Arogansi yang menjadi Bumerang
Hal lain yang sering menghambat seorang individu adalah “intellectual arrogance” , di mana ia merasa ‘kuat’, tetapi kemudian kekuatan ini menjadi kelemahan karena ia tidak mau membuka pikiran terhadap masukan baru, atau juga mempelajari hal baru. Akibatnya, kekuatan bisa menjadi bumerang, dan kita tidak bisa memajukan kekuatan tersebut lagi. Ekspresi seperti,”Anda tahu apa mengenai pekerjaan saya?”, atau “Saya yang di lapangan yang menyaksikan realitasnya. Yang tahu kejadian sebenarnya, kan saya.”, adalah contoh nyata betapa kita sendirilah yang sering membuat tembok yang membahayakan perkembangan diri. Kita jadi mempunyai kebiasaan untuk tidak ber-mindset “gelas setengah terisi”. Kita merasa bagaikan gelas yang sudah penuh, dan tidak ada ruang lagi untuk menerima informasi. Selain itu, kita juga bisa terlalu yakin dengan strategi dan rencana kita, dan tidak berkesempatan mendapat umpan balik dan dukungan dari sekitar kita. Kondisi ini antara lain merupakan contoh arogansi yang membunuh perkembangan. Konsekuensi lain dari sikap ini adalah terbuangnya energi karena konflik, emosi yang menegang dan juga lebih panjangnya waktu untuk menyelesaikan pekerjaan karena dukungan yang tidak optimal.

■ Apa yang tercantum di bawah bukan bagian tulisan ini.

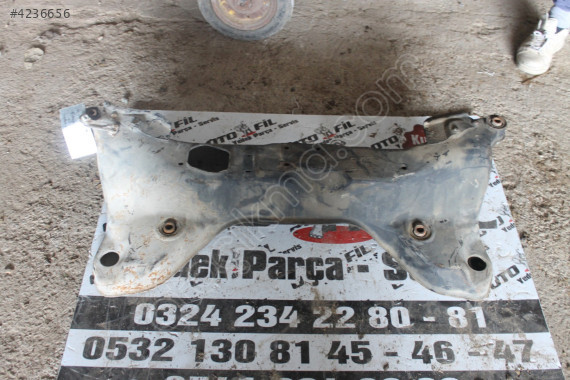 MİTSUBİSHİ GALANT 1988 1.8 ALT ŞASE TRAVERSİ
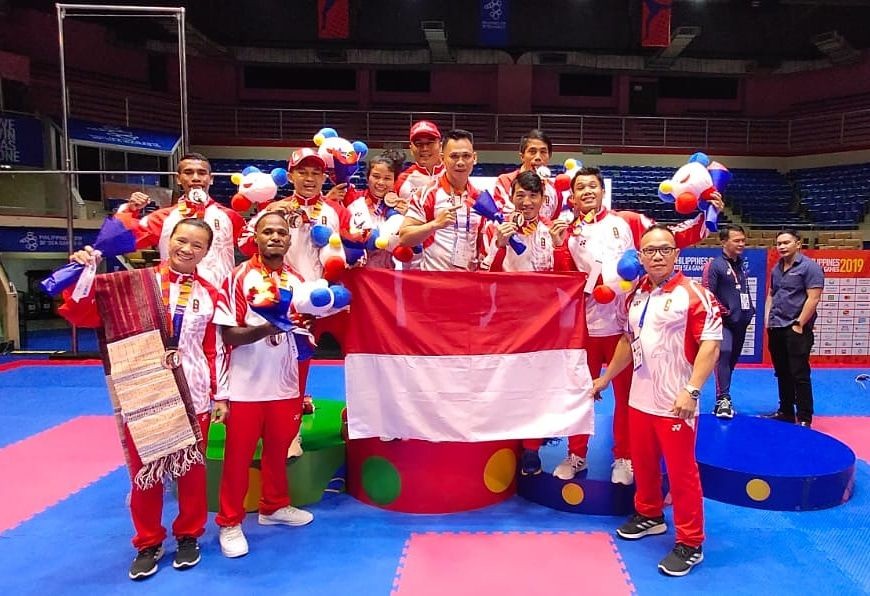 Kickboxer asal Samosir Pamer Ulos usai Raih Perak SEA Games 2019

Kita hidup di dunia dan ekonomi dengan kesempatan yang tidak terbatas, artinya kita sudah bisa berkiprah secara global. Bisnis bisa kita jalankan dalam satu ‘pencetan’ di komputer. Bila kita cerdik dan berambisi kita bisa meraih sukses sesuai cita cita kita, terlepas dari titik start yang tidak selamanya sama. Self Knowledge-lah yang akan menjadi kunci kita untuk lebih unggul dibanding yang lain. “Great achievers” seperti Napoleon, Leonardo da Vinci , komponis Mozart juga terkenal dengan kemampuan mengatur diri sendirinya. Ini membuktikan bahwa kemampuan untuk menjaga kewaspadaan diri adalah modal bagi kita untuk berkembang. Kewaspadaan ini tidak tergantung usia. Orang yang sudah sangat senior bisa lalai, dan anak muda, para milenial pun, bisa sangat waspada, atau sebalikya.